Mit Torchwood, einer für BBC3 produzierten “Post-Watershed”-Serie (was bedeutet, dass sie nach neun Uhr gesendet wird und somit nicht mehr den Anforderungen an eine Jugendserie unterliegt), nimmt Russel T. Davies bewusst eine ältere Zielgruppe ins Visier. Zwar gibt es viele Verbindungen zur Mutterserie, inkl. der Figur des Captain Jack Hartness und der Organisation Torchwood, die in “Doctor Who” ebenfalls eine große Rolle spielt, die Themen sind jedoch, gerade was sexuelles Innuendo angeht, deutlich zweideutiger als beim bekannten Timelord.
Torchwood dreht sich um eine Abteilung der gleichnamigen Geheimorganisation, die sich der Erforschung ausserirdischer Artefakte und paranormaler Bedrohungen verschrieben hat. Capt. Hartness leitet die Torchwood-Abteilung Cardiff, eine Truppe bestehend aus verschiedenen Spezialisten, die ebenso begabte wie menschlich schwierige Figuren sind.
Neben den jeweiligen fantastischen Herausforderungen sind es denn auch vor allem die zum Teil katastrophalen Gruppendynamiken, die das Spannungspotential der Serie ausmachen.
War die erste Staffel noch ein eher gemischtes Vergnügen, hat Torchwood spätestens mit der zweiten Staffel seine eigene Stimme gefunden, die eine spannende und gelungene Ergänzung zu Doctor Who darstellt. Nachdem aber bereits die Mutterserie hierzulande gefloppt ist – wohl auch, weil Pro Sieben hier nur halbherzig eine durch maue Synchro und Kürzungen deformierte Version ausstrahlte – darf wohl kaum damit gerechnet werden, dass Torchwood hierzulande über die Bildschirme flimmert.
7. SKINS
Seit 2007 sorgt in UK diese “Jugendserie für Erwachsene” für Furore. In poppiger, extrem stylisher Optik wird hier das Leben einer Gruppe Jugendlicher in Bristol erzählt. Rund um Mr. Obercool, den manipulativen, zwilichtigen Tony (Nicholas Hoult – dem ehemals kleinen Jungen aus About a Boy oder: Der Tag der toten Ente), der seine Freunde wie Schachfiguren hin und herschiebt und zu seiner Belustigung agieren lässt, gruppieren sich Jungen und Mädchen aus verschiedenen sozialen und ethnischen Schichten.

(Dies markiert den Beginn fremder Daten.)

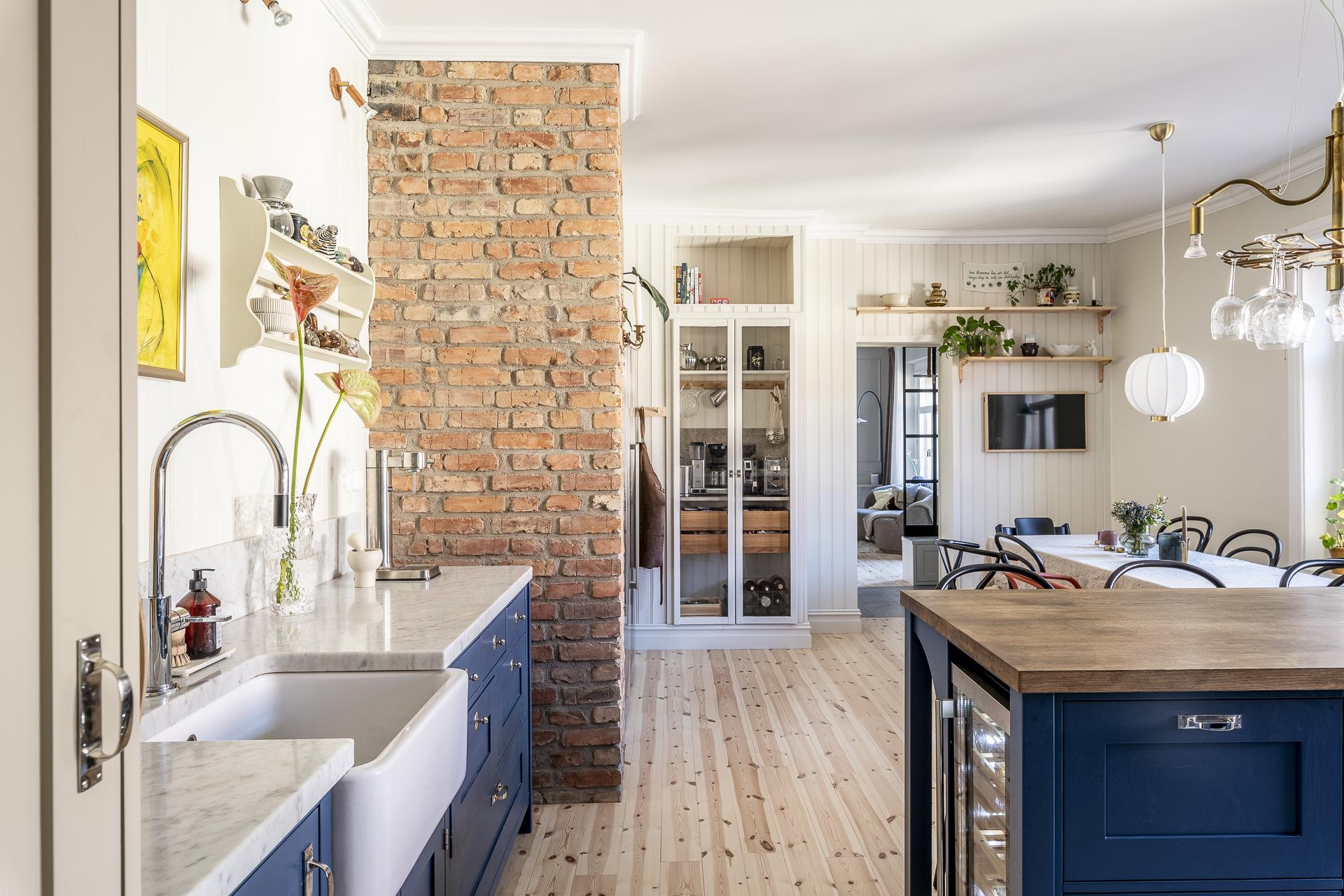 cuisine bleue avec briques décoration scandinave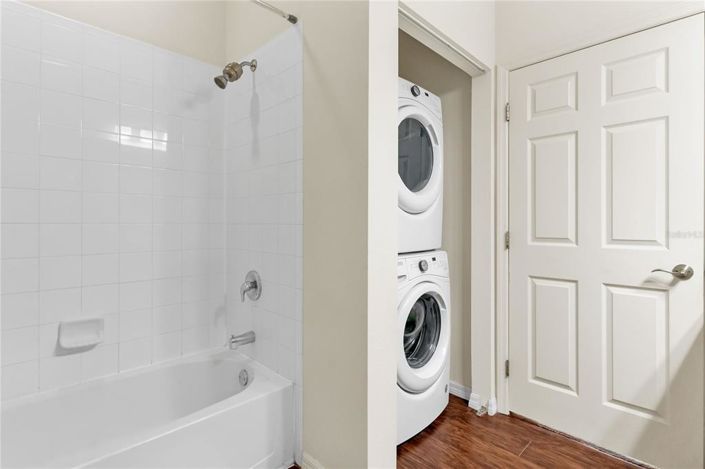 Image No.19-3 Bed Townhouse for sale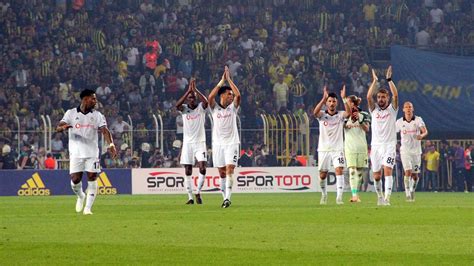 Beşiktaş taraftarı takımı tribüne çağırdı Fanatik Gazetesi Beşiktaş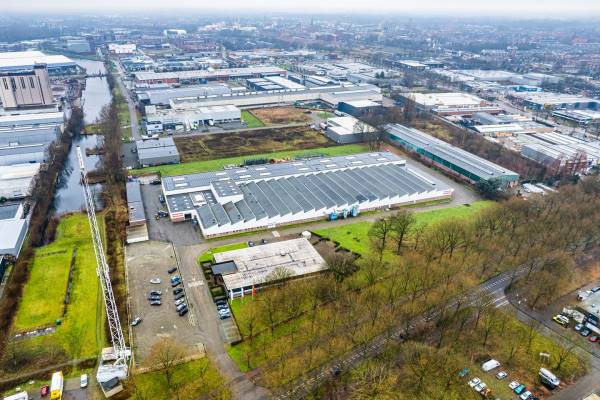 Bedrijfsruimte Lage Dijk 13 Helmond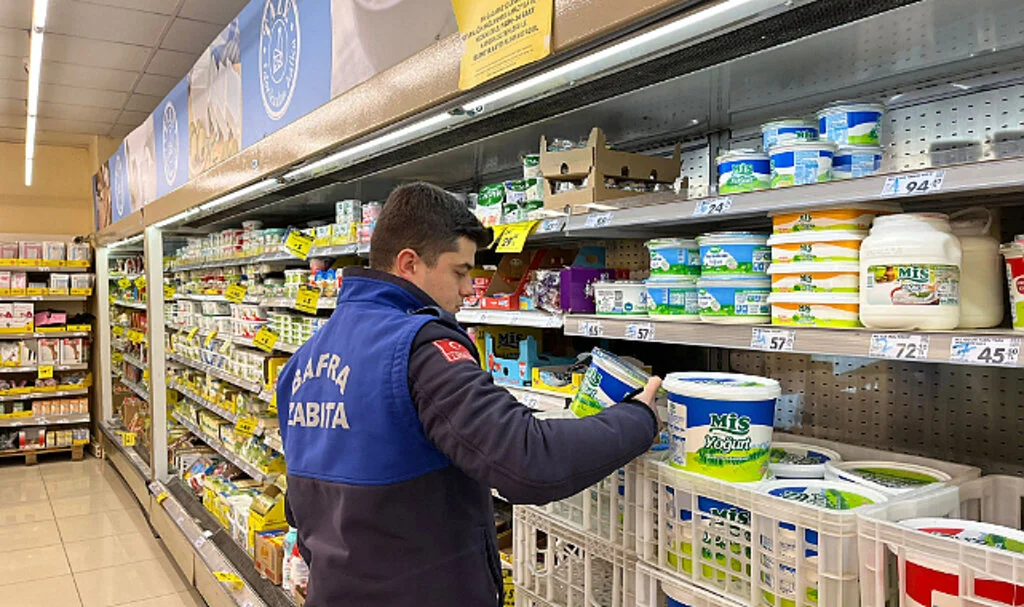 Bafra'da zincir marketler mercek altında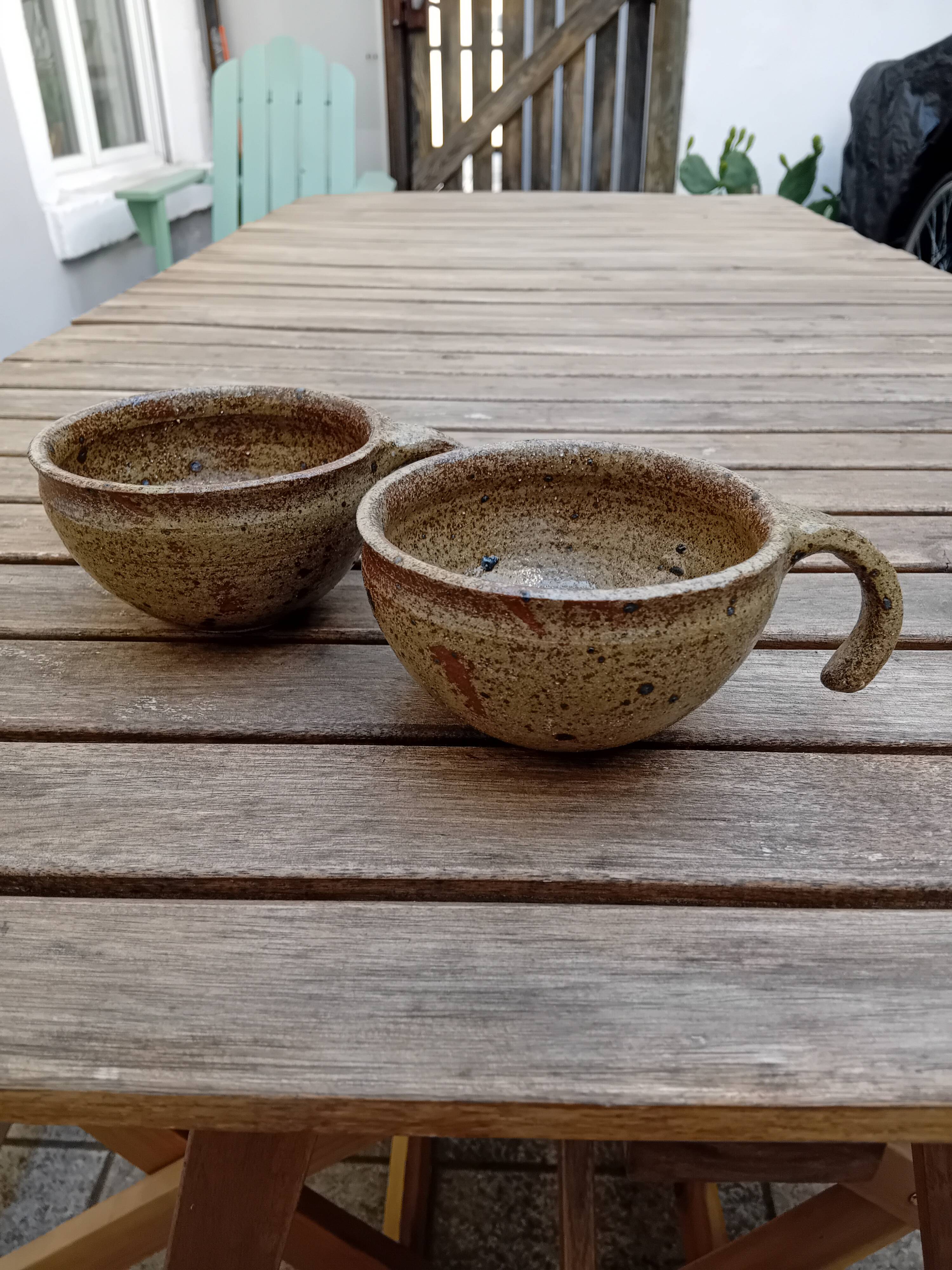 Tasse à café en grès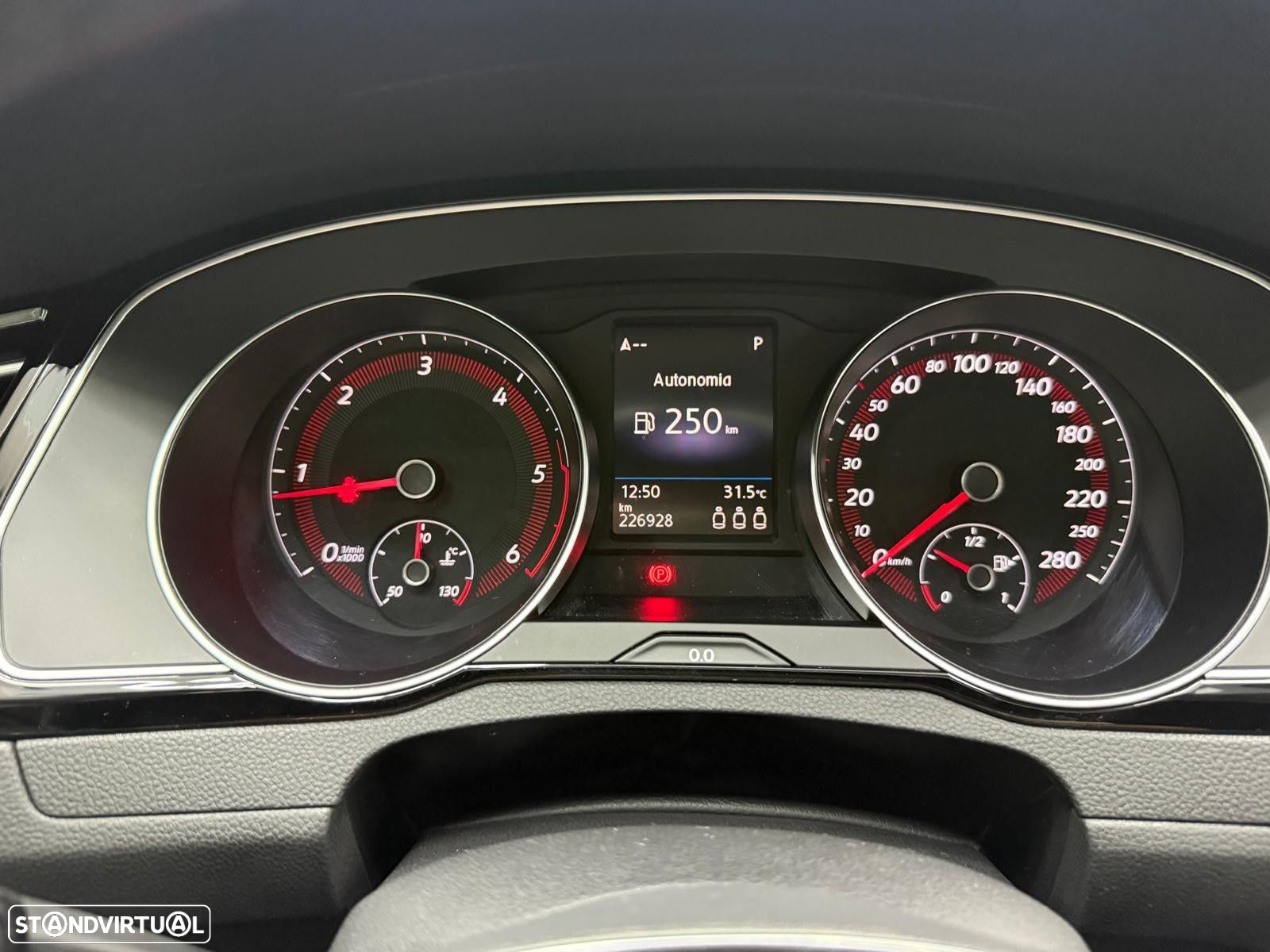 VW Arteon 2.0 TDI Elegance DSG - 18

Vom muslimischen Jal, der zwar einerseits fleissig zu Allah betet, andererseits aber massenhaft Pillen und Alkohol schmeißt und bei keiner Party fehlen will, zum von seiner Mutter vernachlässigten Chris, der unsterblich in die Vertrauenslehrerin verknallt ist, über die bulimiekranke Cassie, den schwulen Maxxie und Tonys besten Freund, den linkischen Nerd Sid – für Konfliktpotential, bösen Humor, reichlich Sex, Drugs and Rock ‘n’ Roll ist gesorgt. Die Deutlichkeit, mit der hier (gerade sexuelle) Themen frontal angegangen werden, suchte bisher ihresgleichen im Bereich der Teen-Dramaseries. Ohne pseudophilosophisches “Dawsons Creek”-Geschwafel wird hier dort hingegangen, wo es wehtut.
Dabei hält Skins geschickt die Ballance zwischen skurrilen Charakteren, berührendem Drama und überdrehter Komödie. Ernste Themen werden behandelt, aber nicht verzeigefingert, der Humor ist allgegenwärtig, aber trotz einiger Derbheiten nie plump. Der durchweg sympathische (und im Falle von Tony faszinierend hassenswerte) Cast spielt so souverän, das man schnell über dramaturgische Holperer hinwegsieht und sich gespannt auf die nächste Folge freut.
Überraschend radikal: Um dem Thema treu zu bleiben und tatsächlich Geschichten aus dem Leben von Jugendlichen und nicht von Twens zu erzählen, wird zum Start der dritten Staffel im kommenden Jahr die komplette Cast ausgewechselt und SKINS läuft mit neuen Figuren weiter.
Es bleibt die Hoffnung, dass sich doch ein deutscher Sender erbarmt und diese (und auch einige der anderen Serien) mal auf die heimischen Bildschirme holt.
Hab ich was vergessen? Bestimmt. Aber dafür gibt es ja die Kommentare!